Préparant son prochain mariage, un jeune couple m’a demandé s’il serait possible de vivre la célébration eucharistique ad Orientem, comprenons « tournés vers l’Orient » : j’avoue avoir été surpris et troublé par cette demande, qui semble se multiplier chez les jeunes générations chrétiennes, sous l’égide de quelques autorités romaines. Et je me suis alors demandé les raisons de mon trouble…

Taisnieres sur HonAd Orientem ? Mais où est-il cet Orient dont on nous parle ? Est-ce simplement un point cardinal, ou bien encore un lieu saint ? Pour d’autres religions que chrétiennes, peut-être, mais pour le chrétien, je ne connais d’autre Orient que le Christ. Dès lors, quand je célèbre l’eucharistie, il est là l’Orient, avec l’autel, et plus encore avec les espèces consacrées sur l’autel. Lorsque le prêtre et les participants à la messe sont rassemblés autour de cet autel, ils sont de fait tous dirigés ad Orientem.
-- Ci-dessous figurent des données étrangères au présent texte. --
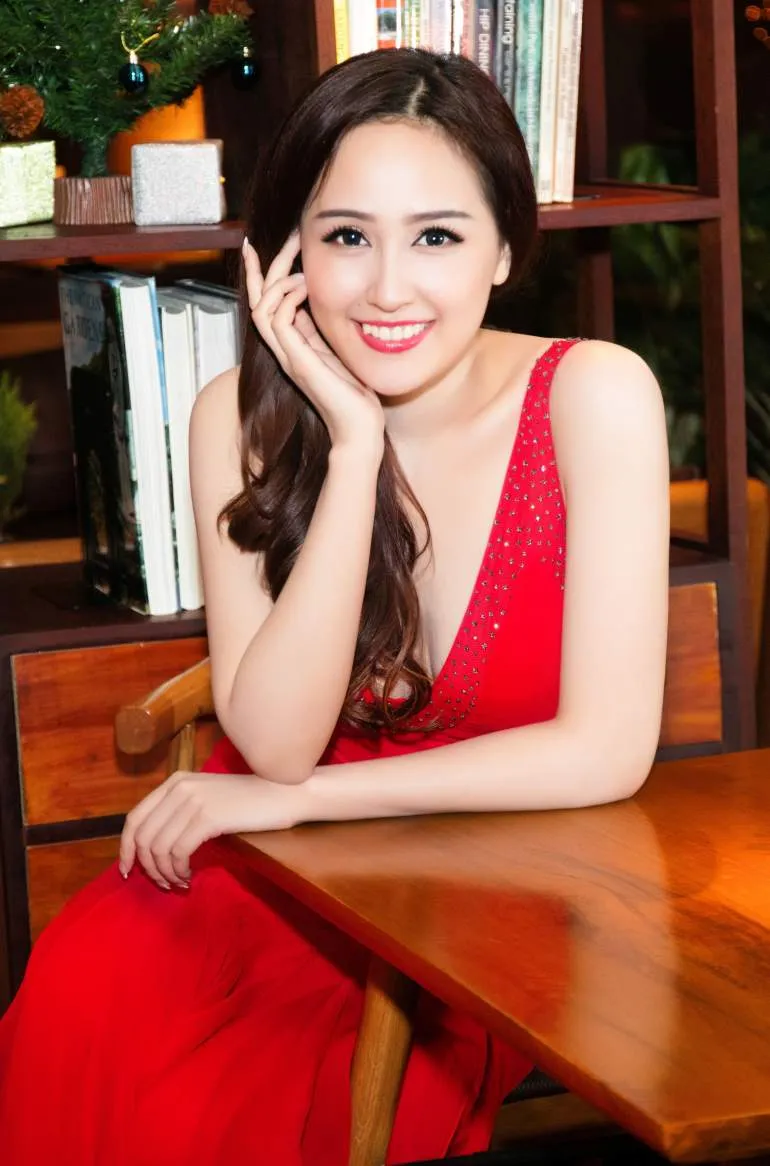 Mai Phương Thúy trong buổi gặp gỡ giao lưu văn hóa Mai Phương Thúy trong buổi gặp gỡ giao lưu văn hóa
Ils le seraient aussi, il est vrai, si l’autel était lui-même logé contre le chevet d’une église orientée vers l’est, comme cela se faisait dans mon jeune temps et comme le pratiquent encore les traditionalistes et quelques autres. Autrement dit, si l’on veut être cohérent avec une telle requête, alors il faut une autre disposition de l’autel, et pas seulement du prêtre et des fidèles…

Oui, mais alors, sommes-nous en train de célébrer un sacrifice de l’ancienne Alliance, ou le repas du Seigneur dans la nouvelle Alliance ? Ce qui est en jeu à travers la requête, c’est bien en effet la symbolique du repas, que les réformes liturgiques ont voulu rappeler et accentuer, mais qui se perd dans la forme ad Orientem ; au profit d’une autre symbolique, beaucoup plus sacrificielle, attachée pour moi à l’Ancien Testament ! Alors que Jésus, si l’on en croit les évangiles, a multiplié les repas considérés comme des moments privilégiés de communion et de partage, alors que nous vivons dans un monde où l’individualisme règne en maître, où il est si difficile de donner le baiser de paix à son voisin inconnu, il me semble essentiel de conserver et de mettre en valeur cette symbolique du repas.

Lorsque j’ai interrogé le jeune couple sur les raisons profondes de sa demande, il a reconnu n’avoir pas envisagé cette dernière symbolique, mais avoir été sensible à l’unité, à l’élan manifesté dans le fait de se tourner tous ensemble vers l’Orient, et finalement à la beauté du geste. Je crois qu’il faut entendre ce dernier point, non pas en célébrant l’eucharistie comme un repas donné par Mme la duchesse de XY, dans un hiératisme figé, mais certainement en revanche avec une grande dignité dans le geste et le chant.. ou le silence. Et sans doute rappeler, dans les homélies ou la catéchèse, que la dernière Cène était un repas, quand bien même Jésus s’y est offert en sacrifice.